__DESCRIPTION OF THE TASK__: Restate word for word the lines from the one bearing "Viet View Foodhallen, Hannie" through the end of the entries below, and leave every picture out.

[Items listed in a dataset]

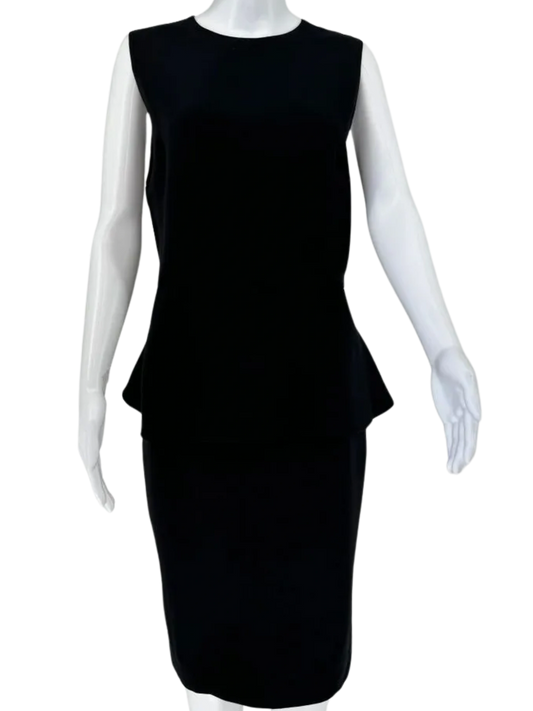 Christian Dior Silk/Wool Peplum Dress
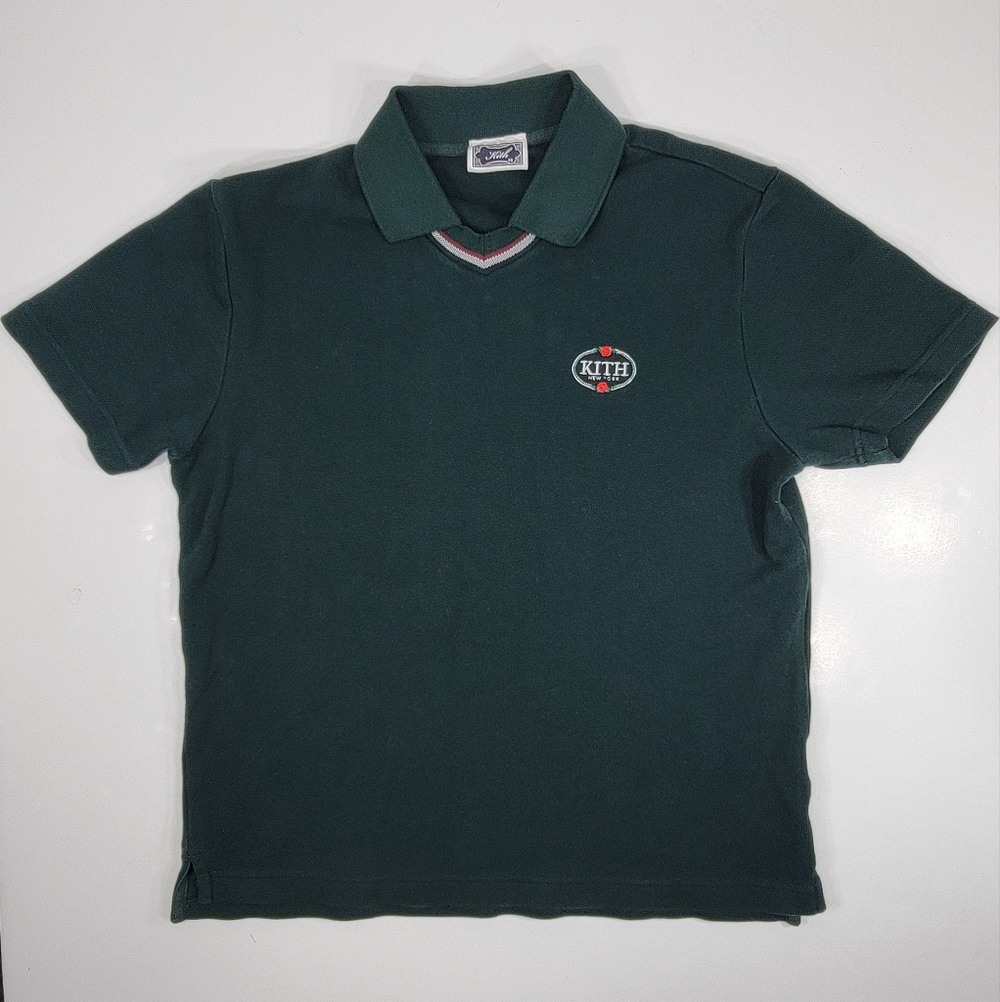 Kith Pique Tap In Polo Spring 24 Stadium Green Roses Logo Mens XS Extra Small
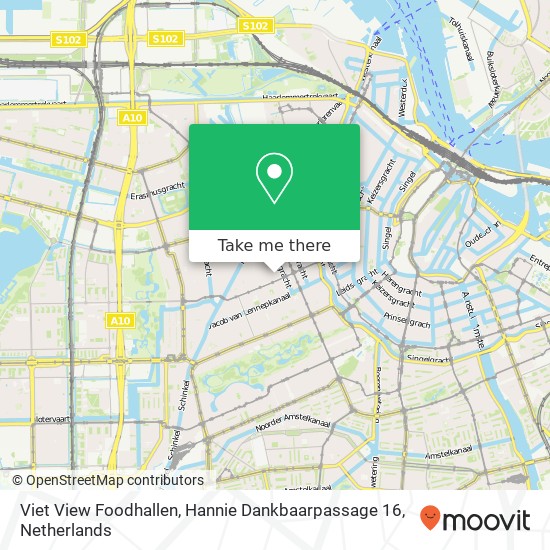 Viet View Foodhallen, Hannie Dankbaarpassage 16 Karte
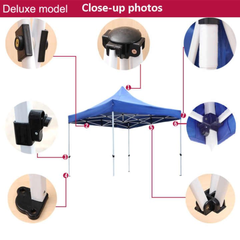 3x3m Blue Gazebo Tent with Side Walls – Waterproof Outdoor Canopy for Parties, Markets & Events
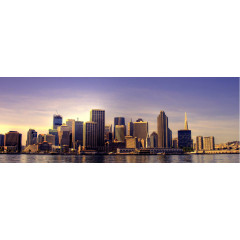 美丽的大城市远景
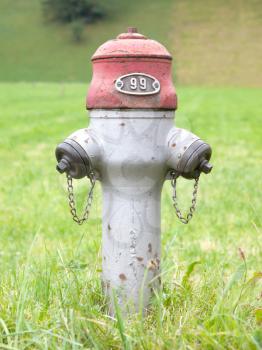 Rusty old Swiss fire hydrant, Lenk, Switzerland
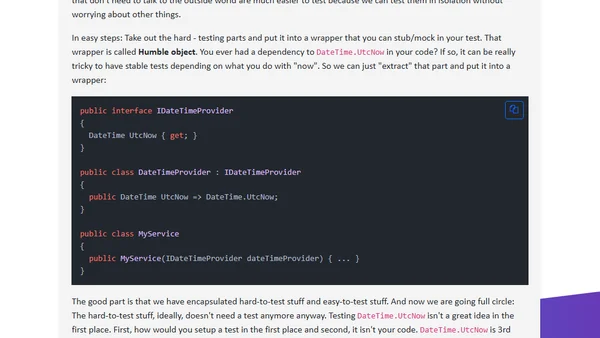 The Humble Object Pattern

__REPLY TO THE TASK__:
 Viet View Foodhallen, Hannie Dankbaarpassage 16 Karte
 3x3m Blue Gazebo Tent with Side Walls – Waterproof Outdoor Canopy for Parties, Markets & Events
 美丽的大城市远景
 Rusty old Swiss fire hydrant, Lenk, Switzerland
 The Humble Object Pattern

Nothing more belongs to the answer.